Stored items from a collection

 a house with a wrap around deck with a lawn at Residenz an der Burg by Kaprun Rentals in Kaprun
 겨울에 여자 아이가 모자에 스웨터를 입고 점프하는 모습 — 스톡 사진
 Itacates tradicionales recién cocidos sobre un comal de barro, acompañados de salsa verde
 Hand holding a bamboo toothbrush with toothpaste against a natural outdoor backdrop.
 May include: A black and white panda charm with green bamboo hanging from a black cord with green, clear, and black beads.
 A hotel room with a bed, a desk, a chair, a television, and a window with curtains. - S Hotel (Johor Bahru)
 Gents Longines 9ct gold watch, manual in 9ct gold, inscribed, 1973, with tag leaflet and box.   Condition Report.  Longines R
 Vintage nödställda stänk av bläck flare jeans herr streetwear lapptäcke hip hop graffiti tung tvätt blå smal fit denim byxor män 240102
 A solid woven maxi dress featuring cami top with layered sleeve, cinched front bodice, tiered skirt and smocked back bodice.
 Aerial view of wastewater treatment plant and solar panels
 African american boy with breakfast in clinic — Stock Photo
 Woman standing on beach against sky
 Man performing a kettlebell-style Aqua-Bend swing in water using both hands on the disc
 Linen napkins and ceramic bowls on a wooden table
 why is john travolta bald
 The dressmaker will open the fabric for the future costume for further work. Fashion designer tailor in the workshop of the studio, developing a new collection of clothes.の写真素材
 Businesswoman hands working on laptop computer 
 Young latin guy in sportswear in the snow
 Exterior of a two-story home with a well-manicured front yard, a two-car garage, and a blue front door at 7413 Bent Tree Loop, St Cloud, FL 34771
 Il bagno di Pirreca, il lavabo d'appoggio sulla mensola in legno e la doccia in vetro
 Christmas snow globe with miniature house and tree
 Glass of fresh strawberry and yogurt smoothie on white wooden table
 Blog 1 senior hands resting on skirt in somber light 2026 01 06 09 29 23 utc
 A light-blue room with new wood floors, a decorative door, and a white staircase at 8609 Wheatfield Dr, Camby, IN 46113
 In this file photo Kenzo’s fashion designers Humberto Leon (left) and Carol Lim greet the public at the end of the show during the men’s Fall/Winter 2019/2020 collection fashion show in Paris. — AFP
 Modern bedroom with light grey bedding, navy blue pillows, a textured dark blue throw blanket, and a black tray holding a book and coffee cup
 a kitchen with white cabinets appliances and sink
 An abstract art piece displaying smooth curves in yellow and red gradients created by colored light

EXERCISE:
Write out, from the lines above, only those from the line with "Blog 1 senior" to the line with "A light-blue room", exactly as given, including the first and the last.

ANSWER SPACE:
 Blog 1 senior hands resting on skirt in somber light 2026 01 06 09 29 23 utc
 A light-blue room with new wood floors, a decorative door, and a white staircase at 8609 Wheatfield Dr, Camby, IN 46113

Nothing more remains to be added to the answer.